Atezolizumab in addition to cobimetinib and vemurafenib is in development for the treatment of BRAF mutated metastatic melanoma. Melanoma is a type of skin cancer which arises from the pigment cells (melanocytes) in the skin and is the most aggressive and life-threatening form of skin cancer. BRAF is a type of gene that drives rapid tumour growth and approximately half of all melanomas have mutations in the BRAF gene. Factors associated with a higher risk of developing melanoma include fair skin, exposure to sunlight and other sources of ultraviolet energy, and a history of sunburn or moles.
Atezolizumab is a type of immunotherapy that helps the body’s immune system attack the cancer and interferes with the ability of tumour cells to grow and spread. Cobimetinib and vemurafenib are targeted therapies that block specific pathways to stop the growth of tumour cells in BRAF mutated melanoma. The addition of atezolizumab to cobimetinib and vemurafenib has the potential to optimize the sequencing of targeted therapy and immunotherapy for patients with BRAF mutant metastatic melanoma.

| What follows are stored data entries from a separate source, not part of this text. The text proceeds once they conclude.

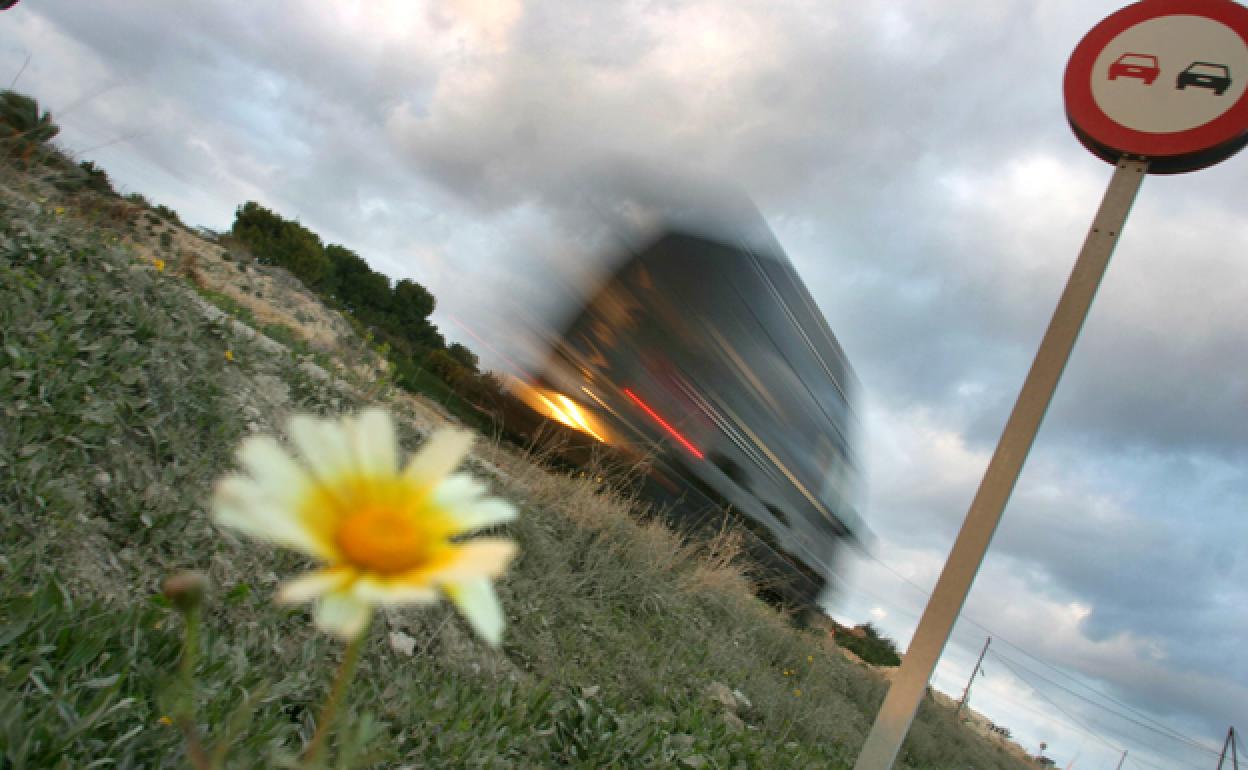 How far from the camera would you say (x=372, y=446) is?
0.47 meters

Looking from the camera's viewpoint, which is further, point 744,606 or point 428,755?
point 744,606

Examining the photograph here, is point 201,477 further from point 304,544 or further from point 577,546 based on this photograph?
point 304,544

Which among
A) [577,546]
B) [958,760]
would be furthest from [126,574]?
[958,760]

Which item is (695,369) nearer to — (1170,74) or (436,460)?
(1170,74)

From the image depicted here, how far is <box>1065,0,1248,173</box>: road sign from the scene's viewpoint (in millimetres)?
2822

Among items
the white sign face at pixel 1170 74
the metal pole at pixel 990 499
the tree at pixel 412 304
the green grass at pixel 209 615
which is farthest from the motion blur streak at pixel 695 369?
the tree at pixel 412 304

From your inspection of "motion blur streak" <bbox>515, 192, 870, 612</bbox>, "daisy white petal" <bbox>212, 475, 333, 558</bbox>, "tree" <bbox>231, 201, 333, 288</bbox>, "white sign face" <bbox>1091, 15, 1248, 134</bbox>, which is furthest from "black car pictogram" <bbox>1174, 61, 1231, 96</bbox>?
"tree" <bbox>231, 201, 333, 288</bbox>

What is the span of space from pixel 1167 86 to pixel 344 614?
11.4ft

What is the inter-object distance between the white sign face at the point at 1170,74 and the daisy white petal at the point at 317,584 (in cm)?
332

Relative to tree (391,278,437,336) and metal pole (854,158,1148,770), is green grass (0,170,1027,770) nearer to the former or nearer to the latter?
metal pole (854,158,1148,770)

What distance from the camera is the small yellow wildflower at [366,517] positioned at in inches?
15.3

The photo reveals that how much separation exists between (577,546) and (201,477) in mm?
2456

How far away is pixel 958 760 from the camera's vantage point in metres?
8.68

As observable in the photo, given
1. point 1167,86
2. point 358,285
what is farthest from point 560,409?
point 358,285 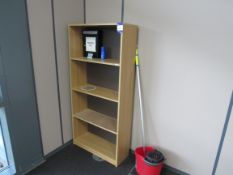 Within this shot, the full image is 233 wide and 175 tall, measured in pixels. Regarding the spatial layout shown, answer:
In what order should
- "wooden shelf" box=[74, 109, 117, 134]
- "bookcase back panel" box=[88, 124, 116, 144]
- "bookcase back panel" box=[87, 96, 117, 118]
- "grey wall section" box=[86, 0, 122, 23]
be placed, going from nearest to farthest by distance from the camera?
"grey wall section" box=[86, 0, 122, 23], "wooden shelf" box=[74, 109, 117, 134], "bookcase back panel" box=[87, 96, 117, 118], "bookcase back panel" box=[88, 124, 116, 144]

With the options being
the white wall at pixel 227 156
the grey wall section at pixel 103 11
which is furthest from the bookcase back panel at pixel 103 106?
the white wall at pixel 227 156

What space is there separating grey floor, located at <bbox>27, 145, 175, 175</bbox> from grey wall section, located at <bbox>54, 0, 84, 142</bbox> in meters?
0.32

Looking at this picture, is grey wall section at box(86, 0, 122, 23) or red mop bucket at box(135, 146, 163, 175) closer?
red mop bucket at box(135, 146, 163, 175)

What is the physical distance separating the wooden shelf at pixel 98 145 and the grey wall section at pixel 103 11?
173 centimetres

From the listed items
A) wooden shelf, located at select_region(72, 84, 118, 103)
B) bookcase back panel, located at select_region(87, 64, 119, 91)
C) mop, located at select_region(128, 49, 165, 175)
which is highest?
bookcase back panel, located at select_region(87, 64, 119, 91)

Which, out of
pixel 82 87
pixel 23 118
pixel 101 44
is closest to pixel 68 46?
pixel 101 44

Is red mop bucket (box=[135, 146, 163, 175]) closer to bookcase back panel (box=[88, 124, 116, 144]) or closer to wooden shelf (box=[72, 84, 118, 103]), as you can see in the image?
bookcase back panel (box=[88, 124, 116, 144])

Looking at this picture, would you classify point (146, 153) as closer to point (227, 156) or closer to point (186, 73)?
point (227, 156)

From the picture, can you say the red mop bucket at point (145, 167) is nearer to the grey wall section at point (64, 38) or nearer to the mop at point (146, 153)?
the mop at point (146, 153)

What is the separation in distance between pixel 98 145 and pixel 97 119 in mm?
409

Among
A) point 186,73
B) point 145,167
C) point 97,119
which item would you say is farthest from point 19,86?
point 186,73

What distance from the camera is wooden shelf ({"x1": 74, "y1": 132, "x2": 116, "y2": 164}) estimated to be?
7.25 ft

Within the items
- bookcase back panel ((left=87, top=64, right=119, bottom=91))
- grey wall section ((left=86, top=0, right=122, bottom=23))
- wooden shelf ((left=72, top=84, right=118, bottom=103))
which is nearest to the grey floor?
wooden shelf ((left=72, top=84, right=118, bottom=103))

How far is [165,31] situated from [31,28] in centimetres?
143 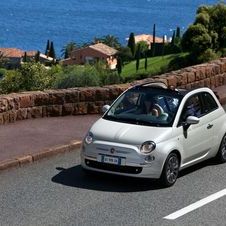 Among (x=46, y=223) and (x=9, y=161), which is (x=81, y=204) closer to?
(x=46, y=223)

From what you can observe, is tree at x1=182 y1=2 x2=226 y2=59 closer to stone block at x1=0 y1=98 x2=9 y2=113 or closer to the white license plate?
stone block at x1=0 y1=98 x2=9 y2=113

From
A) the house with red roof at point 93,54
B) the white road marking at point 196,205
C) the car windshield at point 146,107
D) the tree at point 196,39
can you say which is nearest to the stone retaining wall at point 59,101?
the car windshield at point 146,107

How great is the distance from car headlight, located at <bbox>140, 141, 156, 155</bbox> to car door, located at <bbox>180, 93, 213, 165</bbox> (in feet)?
2.29

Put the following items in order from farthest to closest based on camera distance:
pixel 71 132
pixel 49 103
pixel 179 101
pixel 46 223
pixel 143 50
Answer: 1. pixel 143 50
2. pixel 49 103
3. pixel 71 132
4. pixel 179 101
5. pixel 46 223

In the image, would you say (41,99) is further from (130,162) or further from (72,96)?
(130,162)

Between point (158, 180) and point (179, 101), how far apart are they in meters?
1.45

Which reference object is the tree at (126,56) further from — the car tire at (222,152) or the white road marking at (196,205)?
the white road marking at (196,205)

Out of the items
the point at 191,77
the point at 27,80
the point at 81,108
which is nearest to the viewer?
the point at 81,108

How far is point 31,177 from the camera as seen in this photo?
10125mm

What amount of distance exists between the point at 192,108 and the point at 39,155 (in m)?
2.68

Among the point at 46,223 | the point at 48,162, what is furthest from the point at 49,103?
the point at 46,223

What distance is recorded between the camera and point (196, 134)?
10.5 meters

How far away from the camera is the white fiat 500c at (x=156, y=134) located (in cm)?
950

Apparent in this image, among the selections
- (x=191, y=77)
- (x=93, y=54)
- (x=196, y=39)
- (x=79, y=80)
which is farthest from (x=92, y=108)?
(x=93, y=54) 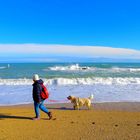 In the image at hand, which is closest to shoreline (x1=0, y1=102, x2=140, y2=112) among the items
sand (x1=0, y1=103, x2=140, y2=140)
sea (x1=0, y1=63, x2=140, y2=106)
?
Result: sea (x1=0, y1=63, x2=140, y2=106)

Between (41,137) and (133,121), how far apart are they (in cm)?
331

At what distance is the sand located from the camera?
7.21 m

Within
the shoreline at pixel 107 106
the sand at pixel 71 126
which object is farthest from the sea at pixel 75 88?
the sand at pixel 71 126

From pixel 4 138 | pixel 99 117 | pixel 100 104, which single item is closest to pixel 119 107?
Answer: pixel 100 104

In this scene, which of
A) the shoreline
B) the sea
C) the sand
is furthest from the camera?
the sea

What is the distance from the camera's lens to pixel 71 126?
838 cm

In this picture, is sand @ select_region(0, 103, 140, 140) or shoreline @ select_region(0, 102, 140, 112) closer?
sand @ select_region(0, 103, 140, 140)

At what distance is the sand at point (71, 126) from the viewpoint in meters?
7.21

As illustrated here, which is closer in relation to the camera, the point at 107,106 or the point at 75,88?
the point at 107,106

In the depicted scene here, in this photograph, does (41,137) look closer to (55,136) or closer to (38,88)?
(55,136)

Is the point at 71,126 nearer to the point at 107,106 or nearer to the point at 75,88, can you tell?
the point at 107,106

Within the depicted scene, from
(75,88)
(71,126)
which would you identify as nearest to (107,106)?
(71,126)

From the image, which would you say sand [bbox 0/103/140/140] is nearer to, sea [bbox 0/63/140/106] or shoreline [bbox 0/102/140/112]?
shoreline [bbox 0/102/140/112]

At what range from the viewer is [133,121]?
29.8 feet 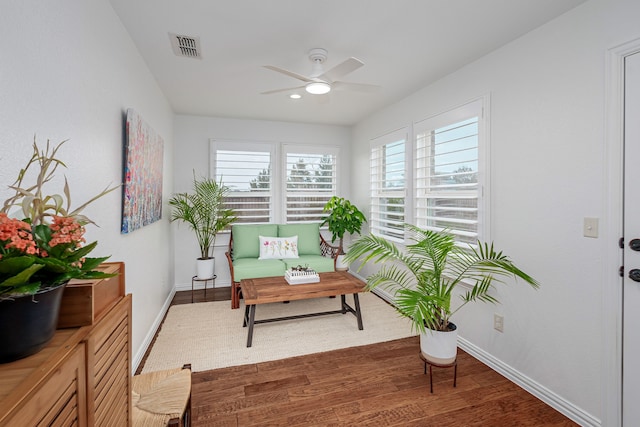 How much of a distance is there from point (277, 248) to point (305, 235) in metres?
0.54

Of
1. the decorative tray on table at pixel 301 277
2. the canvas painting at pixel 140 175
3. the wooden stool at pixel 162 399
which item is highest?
the canvas painting at pixel 140 175

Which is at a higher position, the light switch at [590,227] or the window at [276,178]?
the window at [276,178]

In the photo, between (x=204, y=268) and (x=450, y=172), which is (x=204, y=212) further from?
(x=450, y=172)

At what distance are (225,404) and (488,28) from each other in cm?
330

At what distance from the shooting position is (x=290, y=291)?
10.1ft

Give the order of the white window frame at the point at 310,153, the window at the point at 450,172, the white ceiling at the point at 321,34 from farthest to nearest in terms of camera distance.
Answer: the white window frame at the point at 310,153, the window at the point at 450,172, the white ceiling at the point at 321,34

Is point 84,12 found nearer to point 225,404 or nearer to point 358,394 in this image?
point 225,404

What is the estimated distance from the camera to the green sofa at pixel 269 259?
3.81 meters

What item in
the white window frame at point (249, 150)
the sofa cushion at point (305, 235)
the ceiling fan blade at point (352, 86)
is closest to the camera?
the ceiling fan blade at point (352, 86)

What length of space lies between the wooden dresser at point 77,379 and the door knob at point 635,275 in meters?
2.54

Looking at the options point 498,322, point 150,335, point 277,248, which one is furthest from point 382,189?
point 150,335

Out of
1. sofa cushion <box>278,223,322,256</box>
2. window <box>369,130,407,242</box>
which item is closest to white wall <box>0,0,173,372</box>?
sofa cushion <box>278,223,322,256</box>

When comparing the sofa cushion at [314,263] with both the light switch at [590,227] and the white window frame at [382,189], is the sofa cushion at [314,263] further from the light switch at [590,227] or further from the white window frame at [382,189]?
the light switch at [590,227]

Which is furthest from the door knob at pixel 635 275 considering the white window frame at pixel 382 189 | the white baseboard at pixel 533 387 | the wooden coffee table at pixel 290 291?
the white window frame at pixel 382 189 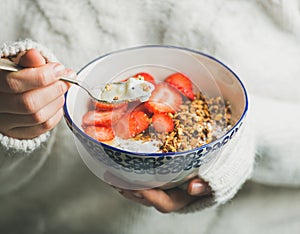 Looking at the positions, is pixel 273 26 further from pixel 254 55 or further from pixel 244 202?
pixel 244 202

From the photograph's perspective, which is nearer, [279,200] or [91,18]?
[91,18]

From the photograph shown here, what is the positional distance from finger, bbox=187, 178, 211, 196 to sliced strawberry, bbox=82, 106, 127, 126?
0.53 feet

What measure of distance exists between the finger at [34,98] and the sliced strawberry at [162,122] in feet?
0.37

Selpercatinib is in clinical development for the treatment of metastatic RET fusion-positive non-small cell lung cancer (NSCLC). NSCLC is the most common type of lung cancer and at the metastatic stage the disease has already spread from the lungs to other sites. Around 2% of these patients will have tumours that contain fusion mutations in the RET gene. Cells in these tumour produce altered RET signalling receptors that allow uncontrolled cancer growth. Currently the only treatment options that attempt to inhibit RET fusion-positive tumour activity are nonselective multikinase inhibitors.